_Your goal_:
Would you restate the entries below word for word, starting at the first line and ending with the one that has "Leaf Spring, Front"?
● ● ● ● ● ● ●
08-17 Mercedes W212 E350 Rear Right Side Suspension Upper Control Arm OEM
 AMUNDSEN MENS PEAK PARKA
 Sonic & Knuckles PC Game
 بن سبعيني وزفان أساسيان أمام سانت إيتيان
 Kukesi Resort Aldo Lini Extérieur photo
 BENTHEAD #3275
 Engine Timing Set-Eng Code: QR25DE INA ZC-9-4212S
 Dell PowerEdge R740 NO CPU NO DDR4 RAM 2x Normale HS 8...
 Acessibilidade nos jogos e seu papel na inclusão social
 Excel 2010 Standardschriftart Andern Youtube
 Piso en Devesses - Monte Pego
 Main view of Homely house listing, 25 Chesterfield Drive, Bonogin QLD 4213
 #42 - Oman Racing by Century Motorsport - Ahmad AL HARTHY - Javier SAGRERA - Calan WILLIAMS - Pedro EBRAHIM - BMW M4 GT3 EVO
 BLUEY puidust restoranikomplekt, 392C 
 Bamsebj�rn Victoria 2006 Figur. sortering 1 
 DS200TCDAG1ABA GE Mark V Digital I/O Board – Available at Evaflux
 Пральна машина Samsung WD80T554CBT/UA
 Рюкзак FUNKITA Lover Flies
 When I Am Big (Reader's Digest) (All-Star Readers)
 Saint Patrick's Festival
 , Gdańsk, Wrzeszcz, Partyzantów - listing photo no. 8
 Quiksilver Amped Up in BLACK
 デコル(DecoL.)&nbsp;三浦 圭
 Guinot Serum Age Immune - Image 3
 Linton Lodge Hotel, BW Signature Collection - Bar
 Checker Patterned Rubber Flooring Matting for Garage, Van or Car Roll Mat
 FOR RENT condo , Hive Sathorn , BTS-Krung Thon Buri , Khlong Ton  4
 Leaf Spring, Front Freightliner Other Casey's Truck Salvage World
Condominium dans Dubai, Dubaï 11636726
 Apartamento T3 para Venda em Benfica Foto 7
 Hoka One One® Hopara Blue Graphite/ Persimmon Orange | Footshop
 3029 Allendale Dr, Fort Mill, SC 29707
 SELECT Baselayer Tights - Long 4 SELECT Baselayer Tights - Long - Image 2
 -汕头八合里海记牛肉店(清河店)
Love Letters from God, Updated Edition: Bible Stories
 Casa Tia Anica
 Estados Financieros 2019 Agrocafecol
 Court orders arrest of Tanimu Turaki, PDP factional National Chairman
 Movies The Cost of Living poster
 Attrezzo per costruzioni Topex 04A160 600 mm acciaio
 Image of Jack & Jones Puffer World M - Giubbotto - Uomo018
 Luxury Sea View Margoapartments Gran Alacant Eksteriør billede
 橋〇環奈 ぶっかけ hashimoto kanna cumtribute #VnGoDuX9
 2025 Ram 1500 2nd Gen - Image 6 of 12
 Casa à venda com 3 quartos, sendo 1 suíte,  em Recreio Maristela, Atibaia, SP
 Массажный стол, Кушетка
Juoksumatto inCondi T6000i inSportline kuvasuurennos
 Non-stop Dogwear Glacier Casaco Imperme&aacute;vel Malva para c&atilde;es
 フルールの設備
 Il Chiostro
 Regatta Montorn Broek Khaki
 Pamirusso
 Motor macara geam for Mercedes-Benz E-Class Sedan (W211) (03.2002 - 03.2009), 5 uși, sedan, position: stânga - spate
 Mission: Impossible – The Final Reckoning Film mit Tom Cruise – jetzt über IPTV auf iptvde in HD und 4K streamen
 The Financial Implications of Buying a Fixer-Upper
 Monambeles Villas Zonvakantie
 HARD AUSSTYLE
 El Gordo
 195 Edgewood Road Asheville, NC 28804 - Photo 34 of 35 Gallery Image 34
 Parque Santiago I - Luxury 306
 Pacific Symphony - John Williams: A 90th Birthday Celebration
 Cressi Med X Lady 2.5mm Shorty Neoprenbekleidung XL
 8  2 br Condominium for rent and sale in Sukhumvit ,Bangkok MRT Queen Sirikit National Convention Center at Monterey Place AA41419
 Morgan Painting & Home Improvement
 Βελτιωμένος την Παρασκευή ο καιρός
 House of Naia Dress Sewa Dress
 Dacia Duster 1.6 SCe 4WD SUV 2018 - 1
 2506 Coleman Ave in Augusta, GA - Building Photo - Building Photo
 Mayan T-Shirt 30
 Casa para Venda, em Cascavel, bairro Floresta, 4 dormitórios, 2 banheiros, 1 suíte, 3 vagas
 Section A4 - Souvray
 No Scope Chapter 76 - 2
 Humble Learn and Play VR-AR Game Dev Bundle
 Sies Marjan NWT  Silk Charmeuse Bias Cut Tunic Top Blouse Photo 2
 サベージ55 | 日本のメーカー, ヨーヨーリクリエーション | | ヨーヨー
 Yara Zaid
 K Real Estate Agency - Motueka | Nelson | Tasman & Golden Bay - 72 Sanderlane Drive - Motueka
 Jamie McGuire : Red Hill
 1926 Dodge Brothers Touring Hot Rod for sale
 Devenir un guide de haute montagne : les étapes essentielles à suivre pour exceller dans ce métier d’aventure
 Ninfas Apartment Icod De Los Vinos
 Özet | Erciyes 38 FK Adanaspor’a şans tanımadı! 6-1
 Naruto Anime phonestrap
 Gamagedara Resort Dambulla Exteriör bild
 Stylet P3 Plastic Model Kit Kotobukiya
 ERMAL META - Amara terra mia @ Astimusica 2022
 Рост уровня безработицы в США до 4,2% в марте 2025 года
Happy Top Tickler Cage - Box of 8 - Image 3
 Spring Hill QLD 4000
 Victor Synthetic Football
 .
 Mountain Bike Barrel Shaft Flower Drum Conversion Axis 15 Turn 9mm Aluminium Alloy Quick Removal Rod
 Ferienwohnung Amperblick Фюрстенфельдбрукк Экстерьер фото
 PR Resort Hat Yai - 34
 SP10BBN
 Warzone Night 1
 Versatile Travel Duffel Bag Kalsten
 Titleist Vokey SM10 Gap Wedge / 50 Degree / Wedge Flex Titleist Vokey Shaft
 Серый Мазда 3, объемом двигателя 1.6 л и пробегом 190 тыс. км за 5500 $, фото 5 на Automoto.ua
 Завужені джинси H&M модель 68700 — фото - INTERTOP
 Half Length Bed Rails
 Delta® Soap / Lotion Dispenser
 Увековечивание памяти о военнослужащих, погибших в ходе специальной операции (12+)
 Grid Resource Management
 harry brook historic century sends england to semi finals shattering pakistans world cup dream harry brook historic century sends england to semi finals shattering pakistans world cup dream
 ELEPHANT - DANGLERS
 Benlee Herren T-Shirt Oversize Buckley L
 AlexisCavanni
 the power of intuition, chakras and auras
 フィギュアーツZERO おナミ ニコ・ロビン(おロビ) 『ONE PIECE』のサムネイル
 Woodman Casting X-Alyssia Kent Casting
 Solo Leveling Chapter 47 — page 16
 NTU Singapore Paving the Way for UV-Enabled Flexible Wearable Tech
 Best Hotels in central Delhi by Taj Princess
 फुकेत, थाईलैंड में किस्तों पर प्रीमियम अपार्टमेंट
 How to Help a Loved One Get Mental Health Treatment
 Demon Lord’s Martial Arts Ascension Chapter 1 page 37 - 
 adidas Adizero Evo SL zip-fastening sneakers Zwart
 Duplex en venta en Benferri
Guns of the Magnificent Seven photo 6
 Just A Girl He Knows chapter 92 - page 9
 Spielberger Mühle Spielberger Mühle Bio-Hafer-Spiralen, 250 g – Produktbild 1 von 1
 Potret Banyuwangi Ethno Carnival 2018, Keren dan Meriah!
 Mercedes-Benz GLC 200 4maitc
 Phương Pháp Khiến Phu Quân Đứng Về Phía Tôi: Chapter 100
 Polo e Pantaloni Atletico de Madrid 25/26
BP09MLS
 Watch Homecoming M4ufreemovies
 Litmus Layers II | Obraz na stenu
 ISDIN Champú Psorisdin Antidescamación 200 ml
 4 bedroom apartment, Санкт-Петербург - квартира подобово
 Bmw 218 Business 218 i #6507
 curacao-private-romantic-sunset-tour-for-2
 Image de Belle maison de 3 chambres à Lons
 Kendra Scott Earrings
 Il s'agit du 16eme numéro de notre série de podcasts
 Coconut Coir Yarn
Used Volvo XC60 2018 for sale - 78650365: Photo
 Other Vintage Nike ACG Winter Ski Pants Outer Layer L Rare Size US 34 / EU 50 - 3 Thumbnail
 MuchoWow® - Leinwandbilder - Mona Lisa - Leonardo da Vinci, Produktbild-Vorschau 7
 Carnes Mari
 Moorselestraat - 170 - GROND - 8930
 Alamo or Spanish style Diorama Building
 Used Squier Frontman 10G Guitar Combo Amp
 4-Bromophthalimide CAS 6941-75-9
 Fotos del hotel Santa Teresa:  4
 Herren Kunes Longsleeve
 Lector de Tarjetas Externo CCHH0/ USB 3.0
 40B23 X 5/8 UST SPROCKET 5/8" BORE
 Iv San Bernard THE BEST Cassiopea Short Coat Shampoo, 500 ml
● ● ● ● ● ● ●
_Completed task_:
08-17 Mercedes W212 E350 Rear Right Side Suspension Upper Control Arm OEM
 AMUNDSEN MENS PEAK PARKA
 Sonic & Knuckles PC Game
 بن سبعيني وزفان أساسيان أمام سانت إيتيان
 Kukesi Resort Aldo Lini Extérieur photo
 BENTHEAD #3275
 Engine Timing Set-Eng Code: QR25DE INA ZC-9-4212S
 Dell PowerEdge R740 NO CPU NO DDR4 RAM 2x Normale HS 8...
 Acessibilidade nos jogos e seu papel na inclusão social
 Excel 2010 Standardschriftart Andern Youtube
 Piso en Devesses - Monte Pego
 Main view of Homely house listing, 25 Chesterfield Drive, Bonogin QLD 4213
 #42 - Oman Racing by Century Motorsport - Ahmad AL HARTHY - Javier SAGRERA - Calan WILLIAMS - Pedro EBRAHIM - BMW M4 GT3 EVO
 BLUEY puidust restoranikomplekt, 392C 
 Bamsebj�rn Victoria 2006 Figur. sortering 1 
 DS200TCDAG1ABA GE Mark V Digital I/O Board – Available at Evaflux
 Пральна машина Samsung WD80T554CBT/UA
 Рюкзак FUNKITA Lover Flies
 When I Am Big (Reader's Digest) (All-Star Readers)
 Saint Patrick's Festival
 , Gdańsk, Wrzeszcz, Partyzantów - listing photo no. 8
 Quiksilver Amped Up in BLACK
 デコル(DecoL.)&nbsp;三浦 圭
 Guinot Serum Age Immune - Image 3
 Linton Lodge Hotel, BW Signature Collection - Bar
 Checker Patterned Rubber Flooring Matting for Garage, Van or Car Roll Mat
 FOR RENT condo , Hive Sathorn , BTS-Krung Thon Buri , Khlong Ton  4
 Leaf Spring, Front Freightliner Other Casey's Truck Salvage World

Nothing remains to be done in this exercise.